# Titanic – Machine Learning from the disaster

First, we import these libraries below to initialize our project.

In [4]:
# Data manipulation
import numpy as np
import pandas as pd

# Data visualizzation
import matplotlib.pyplot as plt
import missingno
import seaborn as sns

ModuleNotFoundError: No module named 'scipy._lib'

## Explore the data

Load the data from the CSV file and understand the structure

In [None]:
train = pd.read_csv("data/train.csv")
print(f"Training set: {train.shape}")
train.head()

In [None]:
test = pd.read_csv("data/test.csv")
print(f"Test set: {test.shape}")
test.head()

### Data description

- **survival**: 0 = No, 1 = Yes
- **pclass**: Ticket class, 1 = 1st, 2 = 2nd, 3 = 3rd
- **sex**: male or female
- **age**: age in years, is fractional if less than 1
- **sibsp**: the number of siblings or spouses onboard
- **parch**: the number of parents or children onboard
- **ticket**: ticket numbers
- **fare**: passenger fare
- **cabin**: cabin number
- **embarked**: port of embarkation, where C = Cherbourg, Q = Queenstown, S = Southampton

### Missing data

Which columns in the dataset have missing data?

In [None]:
# Columns with missing data in training set
missingno.matrix(train, figsize=(15,10))


In [None]:
# Columns with missing data in test set
missingno.matrix(test, figsize=(15,10))

## Data analysis

We will epxlore each variable in the data set. This may help us to choose the suitable machine learning models, or whether we need to determine the dataset.

### Categorical variables

- Nominal variables: **Sex**, **Emarked**
- Oridinal variables: **Pclass**

In [None]:
# Get the frequeny of each nominal variables
cat_features = ["Sex", "Embarked", "Pclass"]
f, axes = plt.subplots(1, 3, figsize=(15, 5))
for i, feature in enumerate(cat_features):
    sns.countplot(x=feature, data=train, ax=axes[i])

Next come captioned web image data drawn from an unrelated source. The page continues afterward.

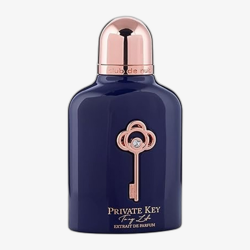 Armaf Private Key To My Life EP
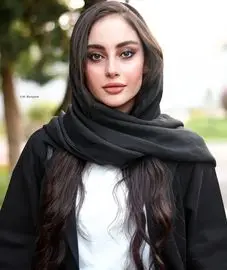 photo_2025-12-08_21-52-12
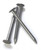 Roofing Nail 2 50Lb
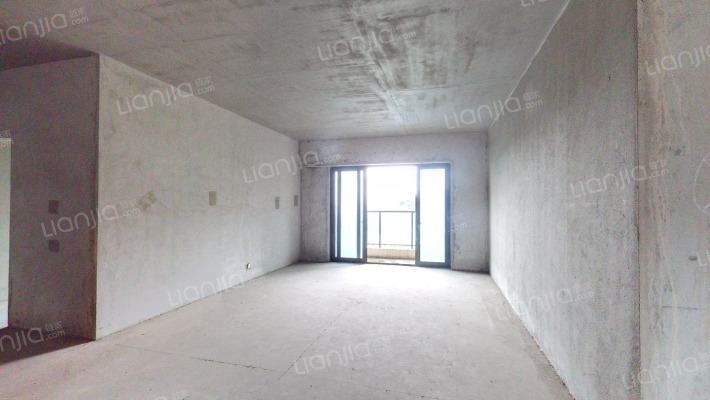 万科天傲湾花园二手房实景图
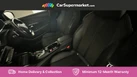2021-peugeot-208-12-puretech-gt-130bhp-eat8-small-16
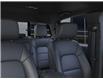 2025 GMC Canyon Elevation (Stk: 250355) in Ottawa - Image 24 of 24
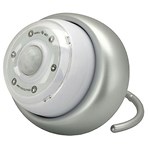 P3 International P3-p4750m Light Owl - Motion Activated Night Light
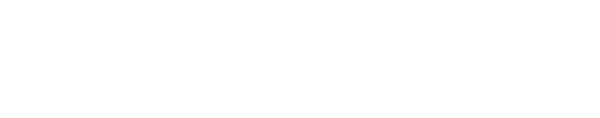 ZIVORA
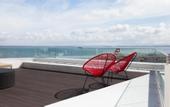 Туры в отель Memmo Alfama - Design Hotels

#### Insights from counting plots

- There are more male passengers than female passengers
- Most passengers were departed from Southampton
- Most passengers were holding third-class tickets

In [None]:
# What is the survival rate based on each categorical variables
f, axes = plt.subplots(1, 3, figsize=(15, 5))
for i, feature in enumerate(cat_features):
    sns.barplot(x=feature, y="Survived", data=train, ax=axes[i])
    axes[i].set_ylabel("Survival rate")


#### Insights about survival plots

- Female passengers were more likely to survive than male passengers. This may suggests that female passengers were prioritised to evacuate.
- Passengers from Cherbougs were the most likely to survive, while those from Southampton were the least.
- The higher the ticket classes were, the more likely the passengers to survived. This may suggest evacuation priority were based on the ticket class (first-class passengers first, thrid-class passengers last).

### Numerical variables

#### Outliers

Outliers are extreme values which do not conform the majority, and contribute the the skewness of the data set. Having outlier in the dataset may results in learning models with low accuracy. Therefore, we need to filter out these outliers for better models.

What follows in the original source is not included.